Charles Goldfarb

Charles Goldfarb
Charles F. Goldfarb

The idea of markup languages was apparently first publicly presented by the engineer William W. Tunnicliffe (1922-1996) from Washington, D.C. In September of 1967, during a meeting at the Canadian Government Printing Office, Tunnicliffe gave a presentation on the separation of the information content of documents from their format. In the 1970s, Tunnicliffe led the development of a standard called GenCode for the publishing industry and later was the first chair of the International Organization for Standardization. At almost the same time, the book designer Stanley Rice published vague speculation along similar lines in the late 1960s. Rice, as an editor at a Major Publishing House, was writing about “Standardized Editorial Structures”. This was the beginning of a movement to separate the formatting of a document from its content.
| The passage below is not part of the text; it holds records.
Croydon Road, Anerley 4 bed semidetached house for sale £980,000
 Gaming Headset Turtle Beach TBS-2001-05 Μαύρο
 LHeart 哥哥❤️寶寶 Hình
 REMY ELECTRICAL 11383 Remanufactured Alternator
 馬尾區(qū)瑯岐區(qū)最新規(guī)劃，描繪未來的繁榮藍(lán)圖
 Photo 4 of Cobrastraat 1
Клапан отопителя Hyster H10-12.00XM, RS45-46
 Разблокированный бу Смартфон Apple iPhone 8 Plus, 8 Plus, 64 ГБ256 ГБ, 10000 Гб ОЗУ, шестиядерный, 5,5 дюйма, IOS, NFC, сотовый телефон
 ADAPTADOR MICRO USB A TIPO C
In 1969 Charles F. Goldfarb, a graduate of Harvard Law School and Columbia College, hit upon the basic idea of markup languages while working on a primitive document management system intended for law firms, and at the end of the same 1969, leading a small team at IBM, developed the first markup language, called Generalized Markup Language, or GML. Later on, however, Goldfarb explains that he actually coined the term GML to be an anagram for the three researchers, Charles Goldfarb, Ed Mosher, and Ray Lorie, who worked also on the project. Goldfarb was also the man, who coined the term “markup language.”

Goldfarb felt that GML should both describe the structure of the document and be structured in a way, such that it could be both human-readable and machine-readable. At the beginning of the 1970s, he continued his work at IBM as GML began to grow in popularity. Several years later, in 1974, and with the influence of hundreds of people, the next version of the language, called  Standard Generalized Markup Language (SGML) was born. SGML added additional concepts that were not part of the GML project such as link processing, concurrent document types, and most importantly the concept of a validating parser (called ARCSGML), that could read and check the accuracy of the Markup code.

As Markup languages go, SGML was powerful, flexible, and complex, and was used extensively in the document processing of the huge IBM documentation. It’s widely known that when at the end of the 1980s Tim Berners-Lee and Robert Caillau created HTML, and they based their hypertext publishing language namely on SGML. HTML as a subset of SGML is on the other hand easy to learn, but not nearly as powerful. Their system used a NeXT computer and incorporated the concept of hyperlinks. Tim realized the need for a Markup language that was easy to use and implement into their system. In 1991 the Web debuted on the Internet and it was the simplicity of HTML that made the Web grow at a feverish pace.

As remembered later Goldfarb in an interview:
We were trying to do an automated law-office application. I had been a lawyer (in fact, I still am). Lawyers must do research on existing case law, decisions of court, and so on, to find out which ones are applicable to a given situation, find out what the previous legal rulings have been, and then merge that with text that the lawyer has written himself. Eventually, if it’s, say, a brief for the court, he must then compose it and print it. At the time, which was 1969 or 1970, there weren’t any systems available that did these three things. So in order to get the systems to share the data we had to come up with a way to represent it that was independent of any of those applications.
It was a very small research project. There was initially myself and another researcher, Ed Mosher, working on it full time. Then, we had part-time consulting from a very brilliant fellow named Ray Lorie who is also one of the pioneers of relational databases. Ray had the most brilliant insight into the whole thing, which is that all the elements that are tagged the same way should be processed the same way. Our manager, Andy Symonds, contributed technically as well…

In 1975, Goldfarb moved from Cambridge, Massachusetts to Silicon Valley and became a product planner at the IBM Almaden Research Center. There, he convinced IBM’s executives to deploy GML commercially in 1978 as part of IBM’s Document Composition Facility product. Development informally began that year on what ultimately became the SGML standard, and Goldfarb eventually became chair of the SGML committee. SGML was standardized and released by ISO in 1986.